- autor: Vida13, 2011-10-16 14:05
-
12 kolejka rozgrywek IV ligi dolnośląskiej, w której Piast mierzył się z GKS Kobierzyce przyniosła nam trzeci w tym sezonie remis Zawidowian. Po wywalczonym punkcie we Wrocławiu, zespół Piasta - tym razem przed własną publicznością - po raz kolejny podzielił się punktami. Wynik meczu 1:1.

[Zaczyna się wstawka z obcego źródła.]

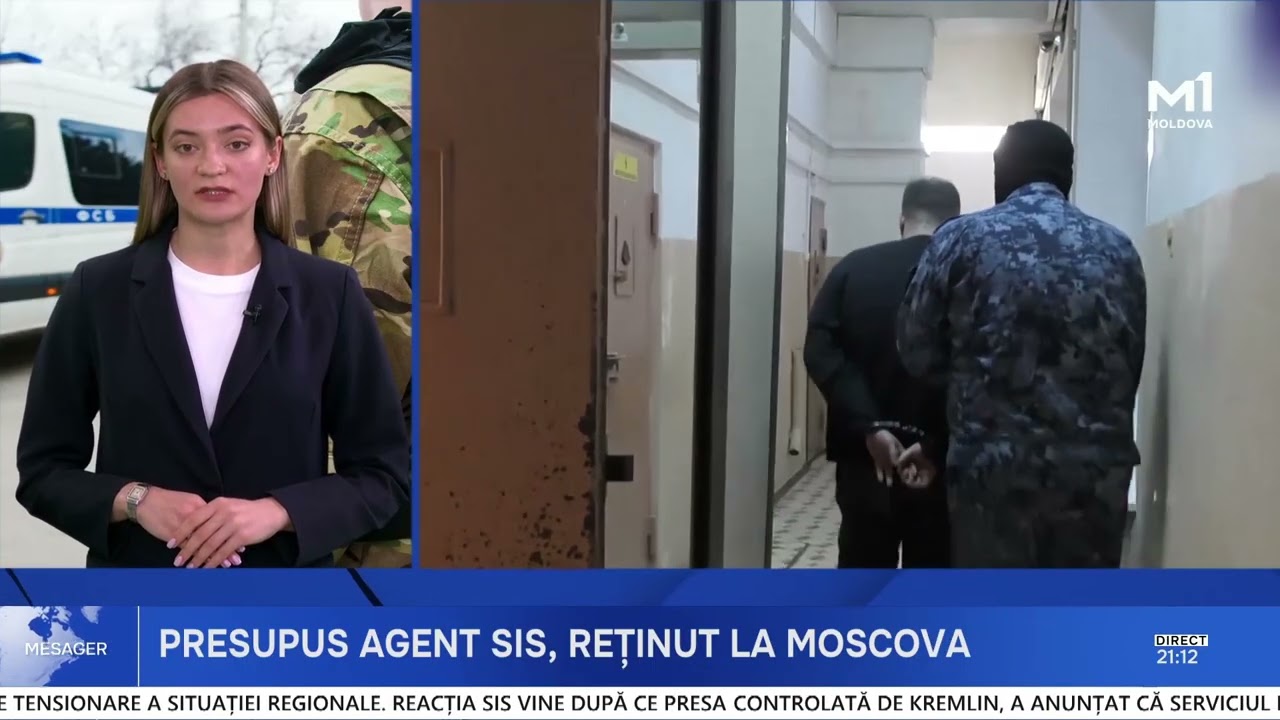 Chișinăul respinge acuzațiile FSB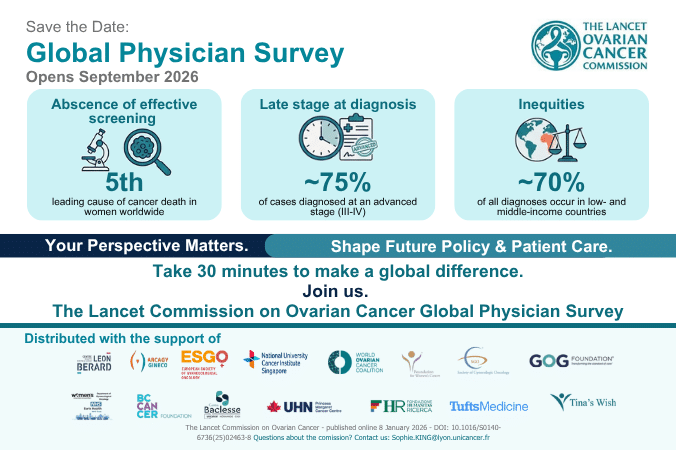 A call to complete the Lancet Ovarian Cancer Commission Survey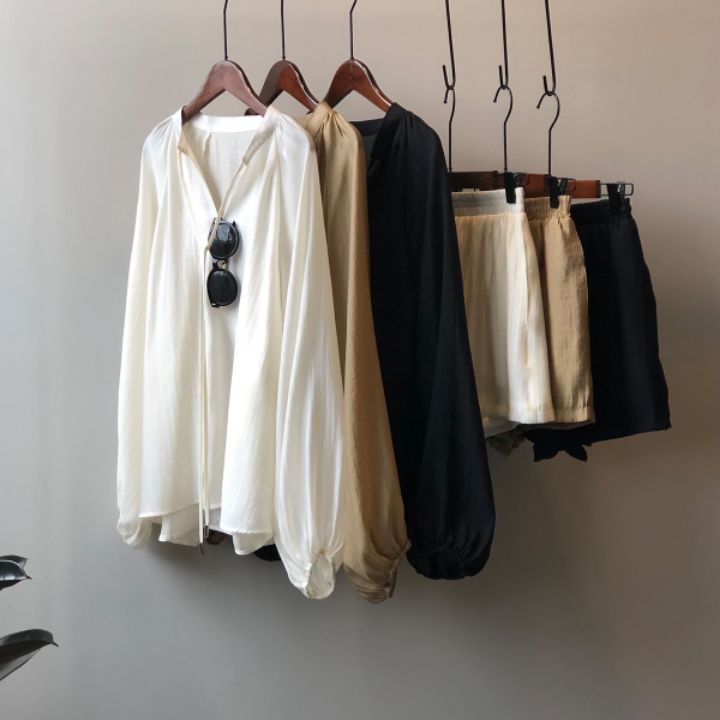STAY HERE韓國東大門直郵女裝新品時尚26夏季休閑推薦套裝STAY HERE套裝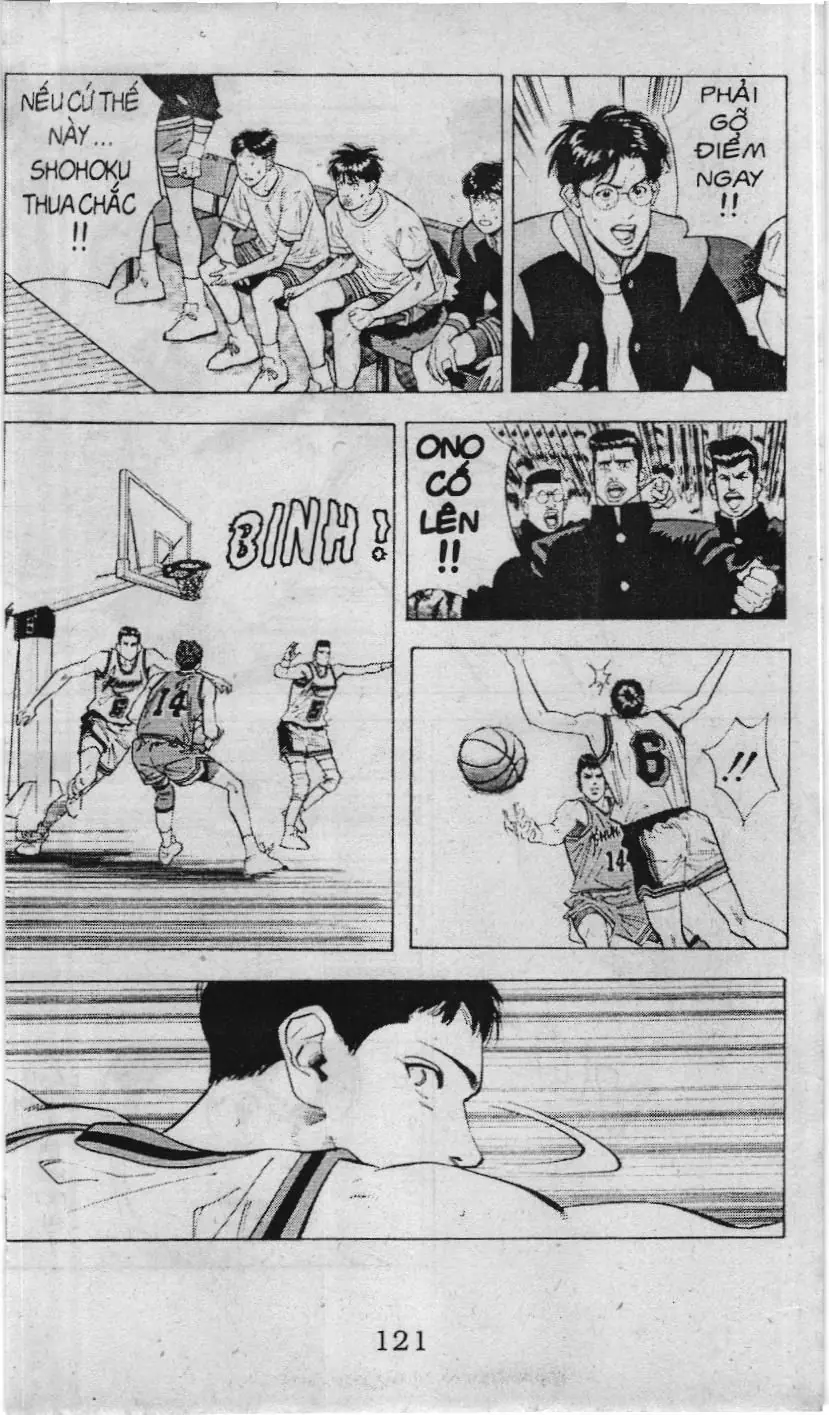 Slam Dunk (Scan) Chapter 93 - Trang 15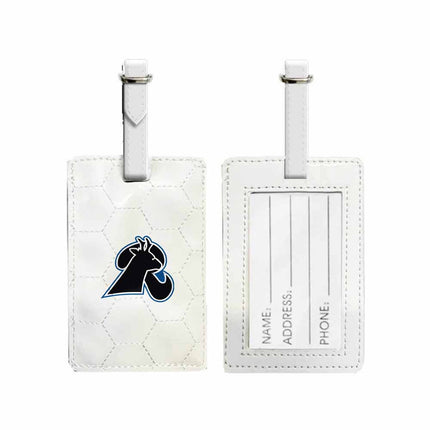 Lamar Community College Runnin' Lopes Soccer Luggage Tag - Authentic Series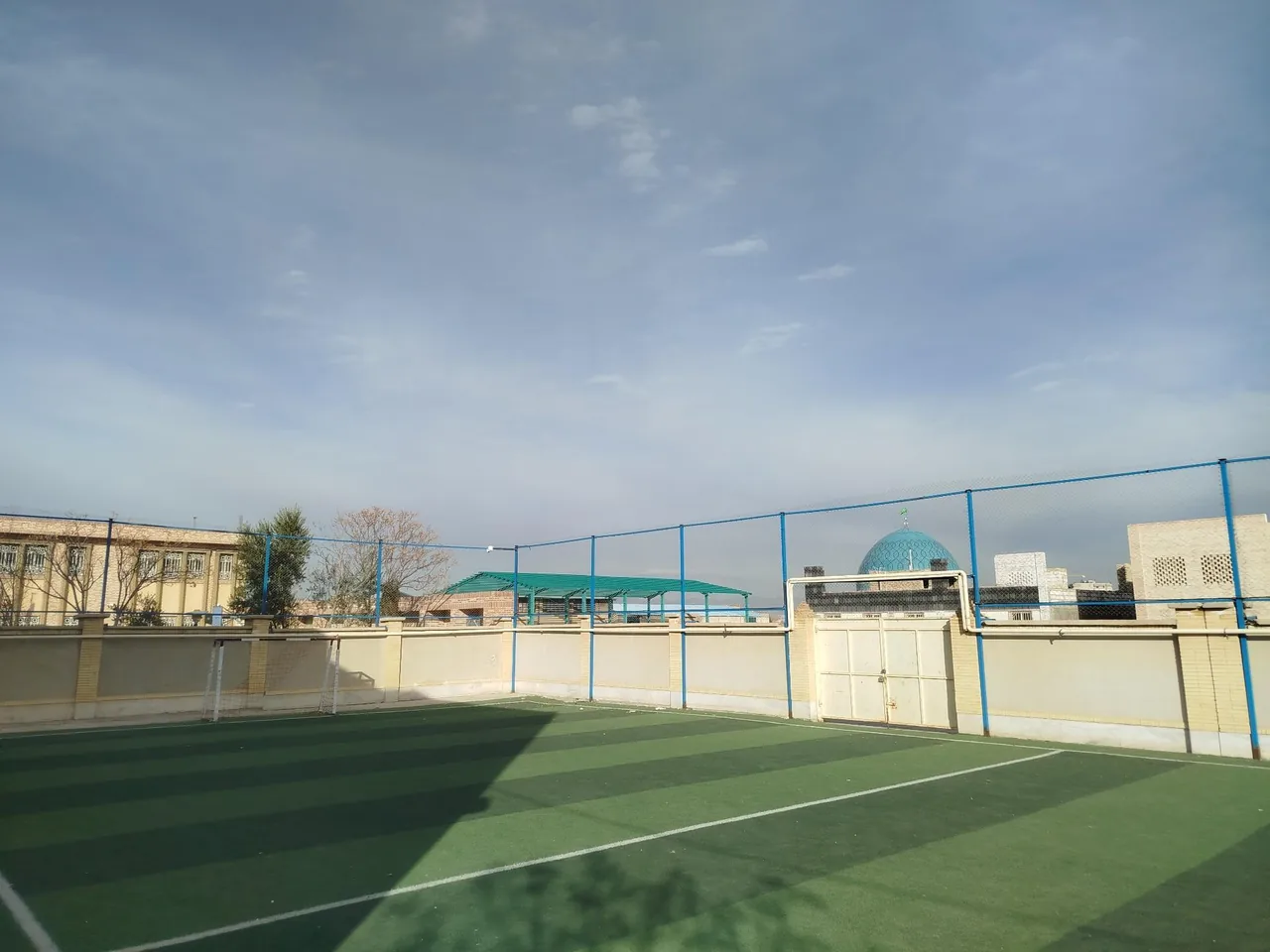 دبیرستان رزمندگان اسلام - مدرسه در یزد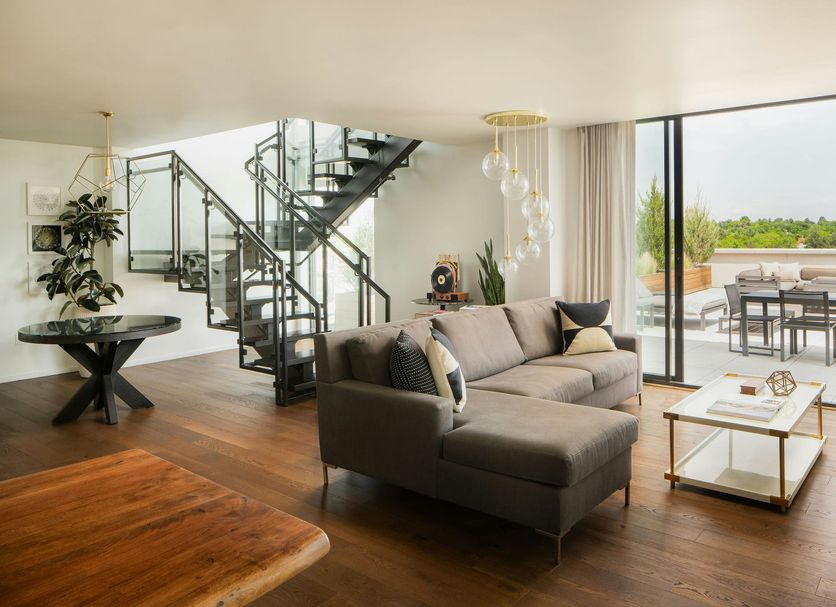 Living room Photo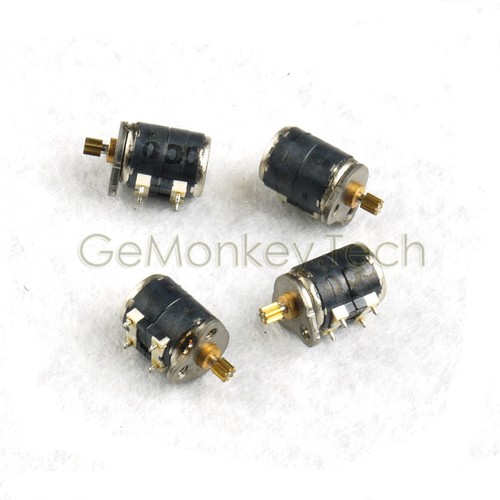4PCS Micro-Stepping Motor 6*11mm 2 Phase 4 Spools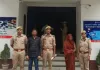 अवैध स्मैक के साथ 01 अभियुक्त व 01 अभियुक्ता को किया गया गिरफ्तार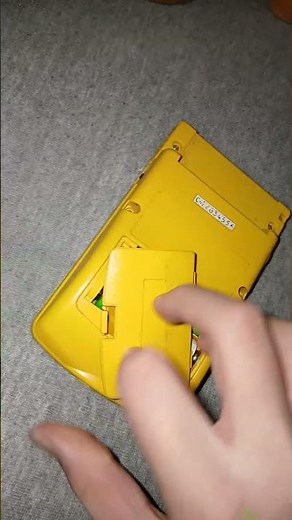 gameboy color asmr #gameboycolor #mario #mariobros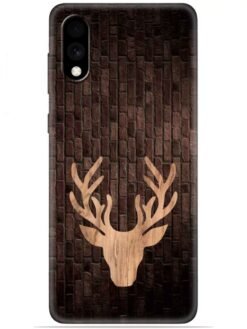 Deer design Soft Silicone Mobile Case for Samsung Galaxy M02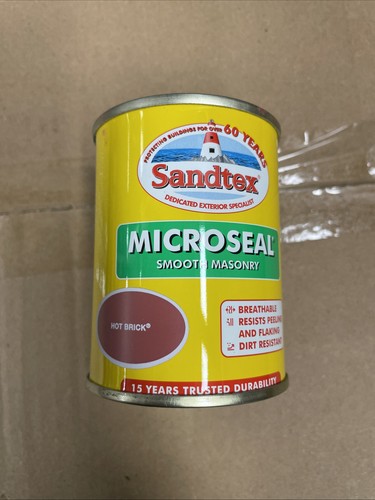 Sandtex masonry paint 150ml - paint,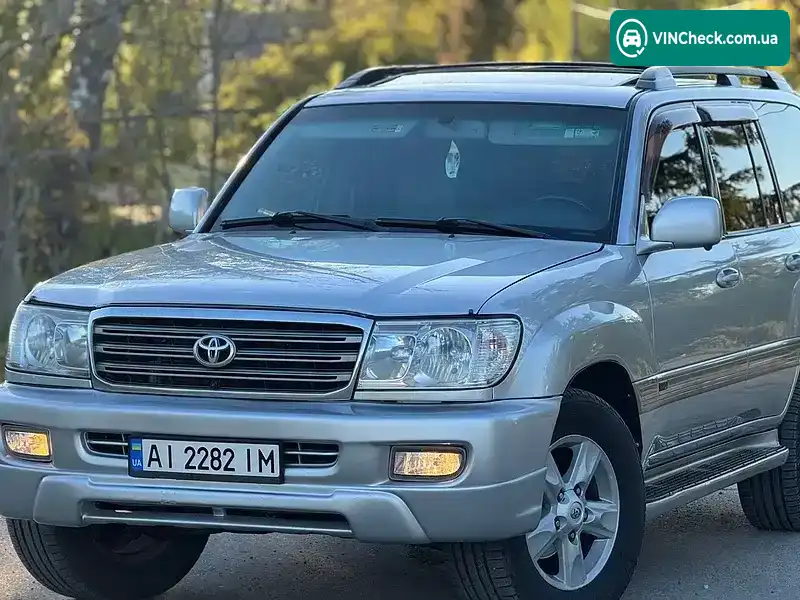 Toyota Land Cruiser 2006, фото з оголошення 1 з 17, VIN JTEHT05J962095291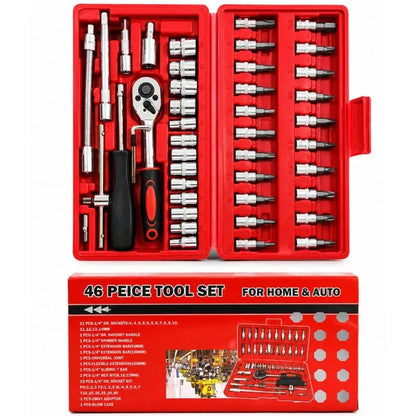 46-Piece Socket Wrench Set ARDS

Im bliżej końca rundy jesiennej tym sytuacja w tabeli robi się coraz bardziej napięta. Jedno zwycięstwo może pozwolić na awans o 4 - 6 pozycji, a porażka sprowadzić to strefy spadkowej. Biorąc pod uwagę, że Piast najbliższe dwa spotkania rozegra na wyjeździe (Szczedrzykowice i Żmigród), mecz u siebie z Kobierzycami należało wygrać. Pauzującego za kartki Grabowskiego, zastąpił w ataku Konrad Tkaczyk. Od początku spotkania to przyjezdni mieli więcej z gry, częściej utrzymywali się przy piłce i szukali swojej szansy do zdobycia bramki. Drużyna Piasta skupiła się na grze defensywnej, a z ich wyjść ofensywnych nic nie wynikało. Niestety w 37 minucie spotkania zawodnik GKS-u - Leśniarek, zdecydował się na strzał zza pola karnego. Uderzenie było na tyle precyzyjne, że Gilewskiemu pozostało tylko wyciągnąć piłkę z siatki. Na tablicy wyników 0:1. Do przerwy rezultat nie uległ zmianie.
W drugiej połowie gospodarze szukali swojej szansy na zdobycie bramki wyrównującej, ale albo brakowało szczęścia, albo umiejętności.. Najlepszą okazję zmarnował Michalkiewicz, który po doskonałym dośrodkowaniu Kotelnickiego przeniósł piłkę nad poprzeczką. Zespół gości miał również swoje sytuacje. Po ładnej trójkowej akcji, zawodnikowi Kobierzyc przyszło tylko dołożyć stopę i z 5 m umieścić piłkę w siatce, jednak w niewytłumaczalny sposób nie trafił w bramkę. Kilka minut później koszmarny błąd popełnił Kazimierski, i goście powinni prowadzić 0:2…powinni, ale po raz kolejny zabrakło wykończenia. Stare piłkarskie porzekadło mówi, że niewykorzystane sytuacje się mszczą i w tym meczu mieliśmy tego idealny przykład. W 2 minucie doliczonego czasu gry egzekwowany przez Kotelnickiego rzut wolny na bramkę zamienił Woźny. Wynik remisowy utrzymał się do końca, a Piast Zawidów mimo słabego meczu, udowodnił, że potrafi walczyć do końca. Kolejny mecz Zawidowianie rozegrają 23 października w Szczedrzykowicach, z tamtejszym Orkanem.